Team optimizing mainly for short-term small-team leverage:
- Large agent-heavy PRs with thin human context.
- Review comments mostly about immediate bugs/tests; little architecture talk.
- Frequent new tools/CLIs with weak rationales and overlapping purposes.
- Few PRs where juniors change verification strategy or boundaries themselves.

Incident patterns

Healthy, judgment-focused team:
- Incidents skew toward honest complexity and edge cases, not basic misunderstandings.
- Postmortems show humans making explicit calls (“we chose this boundary…”) rather than opaque agent behavior.
- Some incidents are caught by tests or harness checks that juniors helped design.
Over-optimized for leverage:
- Incidents often trace to:
  - Agent-created flows mis-wiring systems.
  - Fragile verification scripts giving false green.
  - New scope (tools/services) with no clear owner.
- Repeated classes of “we shipped something nobody fully understood.”

Promotion packet signals

Judgment-first, apprenticeship-preserving team:
- Juniors’ packets include:
  - Examples of framing a problem before using agents.
  - Own decisions on where to trust agents vs hand-craft.
  - Evidence of redesigning tests or boundaries, not just throughput.
- Seniors’ packets show:
  - Time spent on teaching (design briefs, walkthroughs), not only review volume.
  - Deliberate “kill or simplify” decisions on over-scoped initiatives.
Leverage-first team:
- Packets emphasize LOC, project count, speed, number of harness flows.
- Little narrative about tradeoffs, verification design, or de-scoping choices.
- Juniors described as “effective agent operators” more than system thinkers.

Evidence classification

evidence_type: mixed (conceptual synthesis + practice-informed patterns)
evidence_strength: mixed (matches early field reports but not rigorously measured)

Assumptions

Agents are strong enough to produce merge-worthy code in many areas but still error-prone.
The org cares about growing new seniors, not just short-term delivery.
Promotion and review data are available and can be inspected qualitatively.

Competing hypothesis

The main constraint remains review bottlenecks and ambition frontier; apprenticeship and scope issues are secondary and can be handled culturally without changing where agents are allowed or how PRs are structured.

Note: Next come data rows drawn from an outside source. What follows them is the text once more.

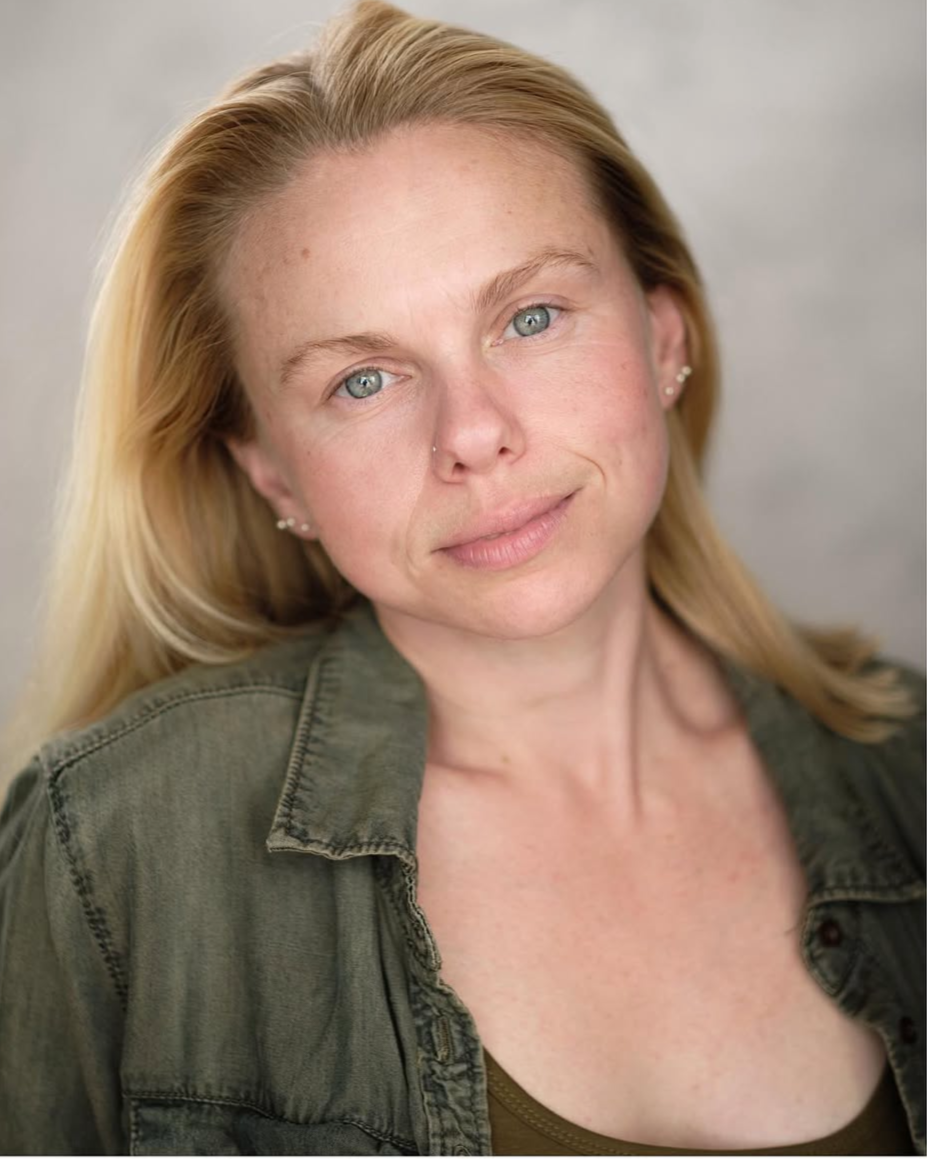 Close-up portrait of a woman with blonde hair, blue eyes, and light skin, wearing a green jacket and a dark top, smiling softly.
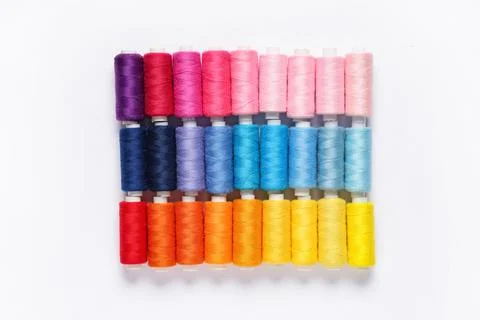 Colorful thread spools on white background 写真素材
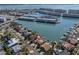 Aerial view of the property's neighborhood and community, on the water near a marina and other residences at 5836 Skimmer Point S Blvd, Gulfport, FL 33707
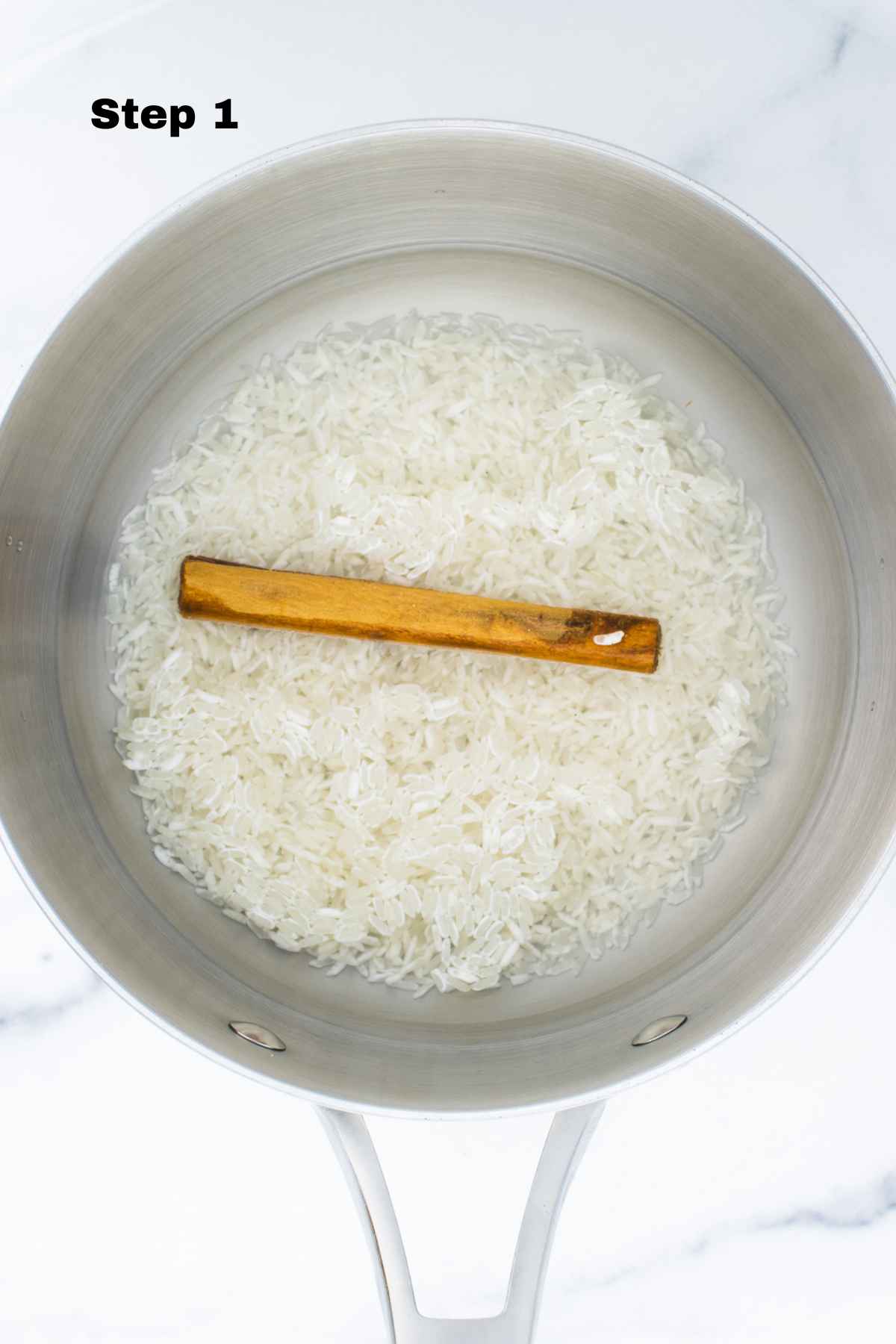 Jasmine rice in a saucepan with water and cinnamon stick.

Main failure case / boundary

In very small, time-crunched teams, strong gating and WIP caps may slow delivery so much they are ignored or worked around; the team reverts to leverage-first behavior despite the intended design.

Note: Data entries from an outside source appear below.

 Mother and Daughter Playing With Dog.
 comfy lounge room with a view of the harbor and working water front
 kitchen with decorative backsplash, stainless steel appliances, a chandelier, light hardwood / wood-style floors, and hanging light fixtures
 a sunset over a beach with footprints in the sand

Verification targets (small checks a human could run next)

Sample 3–6 months of PRs from an agent-first team and classify:
- Agent vs human authorship ratios in core vs glue code.
- Depth/type of review comments.
- Presence of explicit rationales in scope-expanding changes.
Compare incident origins over the same window:
- % from new agent-created flows vs changes in old, human-owned core.
Inspect a few promotion packets for juniors to see whether they show real architectural and verification decisions or mostly agent operation.

Open questions

What is a reasonable baseline for “enough” direct human reps in core paths per engineer per quarter?
How aggressive can WIP and scope caps be before they materially harm useful ambition?
Can the harness infer and surface early signs of apprenticeship decay (e.g., rising agent-line ratios in core) without heavy-handed metrics?